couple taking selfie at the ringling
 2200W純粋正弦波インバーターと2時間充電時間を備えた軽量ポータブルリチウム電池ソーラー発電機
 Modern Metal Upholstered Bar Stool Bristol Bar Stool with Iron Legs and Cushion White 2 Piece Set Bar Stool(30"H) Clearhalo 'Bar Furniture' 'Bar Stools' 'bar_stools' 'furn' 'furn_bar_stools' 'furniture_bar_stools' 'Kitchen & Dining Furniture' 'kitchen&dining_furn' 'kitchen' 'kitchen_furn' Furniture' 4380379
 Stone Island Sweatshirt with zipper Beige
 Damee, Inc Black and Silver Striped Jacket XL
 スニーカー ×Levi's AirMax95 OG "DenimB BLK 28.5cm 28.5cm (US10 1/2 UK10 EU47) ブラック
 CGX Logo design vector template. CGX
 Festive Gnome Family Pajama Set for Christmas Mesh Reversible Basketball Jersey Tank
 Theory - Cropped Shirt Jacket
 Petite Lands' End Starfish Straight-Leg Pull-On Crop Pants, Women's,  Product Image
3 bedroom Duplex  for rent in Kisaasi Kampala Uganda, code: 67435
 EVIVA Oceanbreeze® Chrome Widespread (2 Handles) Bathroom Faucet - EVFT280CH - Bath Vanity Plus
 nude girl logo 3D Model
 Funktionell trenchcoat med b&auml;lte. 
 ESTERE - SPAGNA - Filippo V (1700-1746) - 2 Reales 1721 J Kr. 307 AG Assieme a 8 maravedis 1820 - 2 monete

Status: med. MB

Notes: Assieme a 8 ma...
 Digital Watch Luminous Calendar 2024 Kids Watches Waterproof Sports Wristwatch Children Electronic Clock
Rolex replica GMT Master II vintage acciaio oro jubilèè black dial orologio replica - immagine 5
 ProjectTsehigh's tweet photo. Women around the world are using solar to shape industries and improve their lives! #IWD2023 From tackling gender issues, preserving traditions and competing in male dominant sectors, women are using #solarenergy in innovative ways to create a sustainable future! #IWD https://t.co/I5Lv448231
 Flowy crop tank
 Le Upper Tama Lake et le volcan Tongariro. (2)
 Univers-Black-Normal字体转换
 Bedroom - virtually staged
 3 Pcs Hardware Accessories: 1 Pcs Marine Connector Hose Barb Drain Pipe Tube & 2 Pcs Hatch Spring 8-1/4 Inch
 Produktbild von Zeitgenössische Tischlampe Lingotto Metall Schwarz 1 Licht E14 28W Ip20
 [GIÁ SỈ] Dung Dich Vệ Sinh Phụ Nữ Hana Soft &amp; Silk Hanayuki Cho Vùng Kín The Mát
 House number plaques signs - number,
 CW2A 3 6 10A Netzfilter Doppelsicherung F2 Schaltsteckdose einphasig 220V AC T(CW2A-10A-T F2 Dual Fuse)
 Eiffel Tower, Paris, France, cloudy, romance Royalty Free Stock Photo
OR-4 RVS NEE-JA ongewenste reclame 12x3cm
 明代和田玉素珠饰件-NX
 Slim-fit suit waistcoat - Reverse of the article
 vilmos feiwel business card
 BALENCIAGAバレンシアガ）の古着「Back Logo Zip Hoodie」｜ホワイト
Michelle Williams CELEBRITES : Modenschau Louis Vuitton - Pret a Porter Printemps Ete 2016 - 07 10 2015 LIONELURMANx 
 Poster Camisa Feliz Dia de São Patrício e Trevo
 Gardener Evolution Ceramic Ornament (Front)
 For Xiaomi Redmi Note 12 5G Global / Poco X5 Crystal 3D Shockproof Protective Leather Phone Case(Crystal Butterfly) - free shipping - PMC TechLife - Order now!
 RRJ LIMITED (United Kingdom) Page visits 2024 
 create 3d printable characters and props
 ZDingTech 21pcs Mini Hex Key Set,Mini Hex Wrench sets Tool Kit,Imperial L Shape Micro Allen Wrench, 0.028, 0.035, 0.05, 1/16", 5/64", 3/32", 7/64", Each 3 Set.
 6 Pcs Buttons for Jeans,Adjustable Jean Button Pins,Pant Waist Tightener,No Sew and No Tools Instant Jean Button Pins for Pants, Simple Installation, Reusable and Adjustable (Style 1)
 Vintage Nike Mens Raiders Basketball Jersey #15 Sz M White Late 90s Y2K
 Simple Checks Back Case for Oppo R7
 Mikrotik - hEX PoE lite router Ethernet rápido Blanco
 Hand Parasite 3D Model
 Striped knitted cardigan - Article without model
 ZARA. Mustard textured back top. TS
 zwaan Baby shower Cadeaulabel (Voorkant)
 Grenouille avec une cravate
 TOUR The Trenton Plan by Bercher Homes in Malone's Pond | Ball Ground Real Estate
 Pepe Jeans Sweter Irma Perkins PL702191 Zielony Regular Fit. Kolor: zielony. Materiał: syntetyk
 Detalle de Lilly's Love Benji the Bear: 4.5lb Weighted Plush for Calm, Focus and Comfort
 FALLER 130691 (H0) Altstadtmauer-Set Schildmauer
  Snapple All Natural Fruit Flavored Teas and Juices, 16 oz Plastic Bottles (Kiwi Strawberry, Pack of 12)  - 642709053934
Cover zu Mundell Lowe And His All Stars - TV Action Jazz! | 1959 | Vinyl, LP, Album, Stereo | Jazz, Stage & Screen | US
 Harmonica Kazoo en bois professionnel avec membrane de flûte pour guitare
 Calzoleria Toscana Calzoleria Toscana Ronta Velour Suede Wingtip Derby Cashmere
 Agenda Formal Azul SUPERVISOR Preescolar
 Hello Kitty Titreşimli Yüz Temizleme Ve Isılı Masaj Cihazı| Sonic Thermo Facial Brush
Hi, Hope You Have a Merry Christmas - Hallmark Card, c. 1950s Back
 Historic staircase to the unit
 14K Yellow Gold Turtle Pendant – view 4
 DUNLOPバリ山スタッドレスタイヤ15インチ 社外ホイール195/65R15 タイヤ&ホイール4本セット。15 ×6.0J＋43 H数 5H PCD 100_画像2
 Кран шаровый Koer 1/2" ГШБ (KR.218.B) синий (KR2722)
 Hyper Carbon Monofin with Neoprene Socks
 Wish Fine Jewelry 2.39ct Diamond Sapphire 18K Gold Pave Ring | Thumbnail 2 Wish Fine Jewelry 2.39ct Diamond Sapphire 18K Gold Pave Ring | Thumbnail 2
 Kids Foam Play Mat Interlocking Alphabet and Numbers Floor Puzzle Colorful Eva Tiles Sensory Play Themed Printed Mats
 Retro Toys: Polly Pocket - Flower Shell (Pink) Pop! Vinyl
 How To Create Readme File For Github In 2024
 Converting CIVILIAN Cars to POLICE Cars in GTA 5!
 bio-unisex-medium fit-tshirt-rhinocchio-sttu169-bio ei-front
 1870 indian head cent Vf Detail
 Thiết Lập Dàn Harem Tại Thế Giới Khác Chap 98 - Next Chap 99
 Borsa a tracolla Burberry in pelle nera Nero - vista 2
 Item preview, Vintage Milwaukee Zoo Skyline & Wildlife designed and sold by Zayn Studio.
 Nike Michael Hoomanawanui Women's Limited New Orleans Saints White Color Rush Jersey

* **What this task involves**:
Transcribe the entire listing above.

* **Task result**:
couple taking selfie at the ringling
 2200W純粋正弦波インバーターと2時間充電時間を備えた軽量ポータブルリチウム電池ソーラー発電機
 Modern Metal Upholstered Bar Stool Bristol Bar Stool with Iron Legs and Cushion White 2 Piece Set Bar Stool(30"H) Clearhalo 'Bar Furniture' 'Bar Stools' 'bar_stools' 'furn' 'furn_bar_stools' 'furniture_bar_stools' 'Kitchen & Dining Furniture' 'kitchen&dining_furn' 'kitchen' 'kitchen_furn' Furniture' 4380379
 Stone Island Sweatshirt with zipper Beige
 Damee, Inc Black and Silver Striped Jacket XL
 スニーカー ×Levi's AirMax95 OG "DenimB BLK 28.5cm 28.5cm (US10 1/2 UK10 EU47) ブラック
 CGX Logo design vector template. CGX
 Festive Gnome Family Pajama Set for Christmas Mesh Reversible Basketball Jersey Tank
 Theory - Cropped Shirt Jacket
 Petite Lands' End Starfish Straight-Leg Pull-On Crop Pants, Women's,  Product Image
3 bedroom Duplex  for rent in Kisaasi Kampala Uganda, code: 67435
 EVIVA Oceanbreeze® Chrome Widespread (2 Handles) Bathroom Faucet - EVFT280CH - Bath Vanity Plus
 nude girl logo 3D Model
 Funktionell trenchcoat med b&auml;lte. 
 ESTERE - SPAGNA - Filippo V (1700-1746) - 2 Reales 1721 J Kr. 307 AG Assieme a 8 maravedis 1820 - 2 monete

Status: med. MB

Notes: Assieme a 8 ma...
 Digital Watch Luminous Calendar 2024 Kids Watches Waterproof Sports Wristwatch Children Electronic Clock
Rolex replica GMT Master II vintage acciaio oro jubilèè black dial orologio replica - immagine 5
 ProjectTsehigh's tweet photo. Women around the world are using solar to shape industries and improve their lives! #IWD2023 From tackling gender issues, preserving traditions and competing in male dominant sectors, women are using #solarenergy in innovative ways to create a sustainable future! #IWD https://t.co/I5Lv448231
 Flowy crop tank
 Le Upper Tama Lake et le volcan Tongariro. (2)
 Univers-Black-Normal字体转换
 Bedroom - virtually staged
 3 Pcs Hardware Accessories: 1 Pcs Marine Connector Hose Barb Drain Pipe Tube & 2 Pcs Hatch Spring 8-1/4 Inch
 Produktbild von Zeitgenössische Tischlampe Lingotto Metall Schwarz 1 Licht E14 28W Ip20
 [GIÁ SỈ] Dung Dich Vệ Sinh Phụ Nữ Hana Soft &amp; Silk Hanayuki Cho Vùng Kín The Mát
 House number plaques signs - number,
 CW2A 3 6 10A Netzfilter Doppelsicherung F2 Schaltsteckdose einphasig 220V AC T(CW2A-10A-T F2 Dual Fuse)
 Eiffel Tower, Paris, France, cloudy, romance Royalty Free Stock Photo
OR-4 RVS NEE-JA ongewenste reclame 12x3cm
 明代和田玉素珠饰件-NX
 Slim-fit suit waistcoat - Reverse of the article
 vilmos feiwel business card
 BALENCIAGAバレンシアガ）の古着「Back Logo Zip Hoodie」｜ホワイト
Michelle Williams CELEBRITES : Modenschau Louis Vuitton - Pret a Porter Printemps Ete 2016 - 07 10 2015 LIONELURMANx 
 Poster Camisa Feliz Dia de São Patrício e Trevo
 Gardener Evolution Ceramic Ornament (Front)
 For Xiaomi Redmi Note 12 5G Global / Poco X5 Crystal 3D Shockproof Protective Leather Phone Case(Crystal Butterfly) - free shipping - PMC TechLife - Order now!
 RRJ LIMITED (United Kingdom) Page visits 2024 
 create 3d printable characters and props
 ZDingTech 21pcs Mini Hex Key Set,Mini Hex Wrench sets Tool Kit,Imperial L Shape Micro Allen Wrench, 0.028, 0.035, 0.05, 1/16", 5/64", 3/32", 7/64", Each 3 Set.
 6 Pcs Buttons for Jeans,Adjustable Jean Button Pins,Pant Waist Tightener,No Sew and No Tools Instant Jean Button Pins for Pants, Simple Installation, Reusable and Adjustable (Style 1)
 Vintage Nike Mens Raiders Basketball Jersey #15 Sz M White Late 90s Y2K
 Simple Checks Back Case for Oppo R7
 Mikrotik - hEX PoE lite router Ethernet rápido Blanco
 Hand Parasite 3D Model
 Striped knitted cardigan - Article without model
 ZARA. Mustard textured back top. TS
 zwaan Baby shower Cadeaulabel (Voorkant)
 Grenouille avec une cravate
 TOUR The Trenton Plan by Bercher Homes in Malone's Pond | Ball Ground Real Estate
 Pepe Jeans Sweter Irma Perkins PL702191 Zielony Regular Fit. Kolor: zielony. Materiał: syntetyk
 Detalle de Lilly's Love Benji the Bear: 4.5lb Weighted Plush for Calm, Focus and Comfort
 FALLER 130691 (H0) Altstadtmauer-Set Schildmauer
  Snapple All Natural Fruit Flavored Teas and Juices, 16 oz Plastic Bottles (Kiwi Strawberry, Pack of 12)  - 642709053934
Cover zu Mundell Lowe And His All Stars - TV Action Jazz! | 1959 | Vinyl, LP, Album, Stereo | Jazz, Stage & Screen | US
 Harmonica Kazoo en bois professionnel avec membrane de flûte pour guitare
 Calzoleria Toscana Calzoleria Toscana Ronta Velour Suede Wingtip Derby Cashmere
 Agenda Formal Azul SUPERVISOR Preescolar
 Hello Kitty Titreşimli Yüz Temizleme Ve Isılı Masaj Cihazı| Sonic Thermo Facial Brush
Hi, Hope You Have a Merry Christmas - Hallmark Card, c. 1950s Back
 Historic staircase to the unit
 14K Yellow Gold Turtle Pendant – view 4
 DUNLOPバリ山スタッドレスタイヤ15インチ 社外ホイール195/65R15 タイヤ&ホイール4本セット。15 ×6.0J＋43 H数 5H PCD 100_画像2
 Кран шаровый Koer 1/2" ГШБ (KR.218.B) синий (KR2722)
 Hyper Carbon Monofin with Neoprene Socks
 Wish Fine Jewelry 2.39ct Diamond Sapphire 18K Gold Pave Ring | Thumbnail 2 Wish Fine Jewelry 2.39ct Diamond Sapphire 18K Gold Pave Ring | Thumbnail 2
 Kids Foam Play Mat Interlocking Alphabet and Numbers Floor Puzzle Colorful Eva Tiles Sensory Play Themed Printed Mats
 Retro Toys: Polly Pocket - Flower Shell (Pink) Pop! Vinyl
 How To Create Readme File For Github In 2024
 Converting CIVILIAN Cars to POLICE Cars in GTA 5!
 bio-unisex-medium fit-tshirt-rhinocchio-sttu169-bio ei-front
 1870 indian head cent Vf Detail
 Thiết Lập Dàn Harem Tại Thế Giới Khác Chap 98 - Next Chap 99
 Borsa a tracolla Burberry in pelle nera Nero - vista 2
 Item preview, Vintage Milwaukee Zoo Skyline & Wildlife designed and sold by Zayn Studio.
 Nike Michael Hoomanawanui Women's Limited New Orleans Saints White Color Rush Jersey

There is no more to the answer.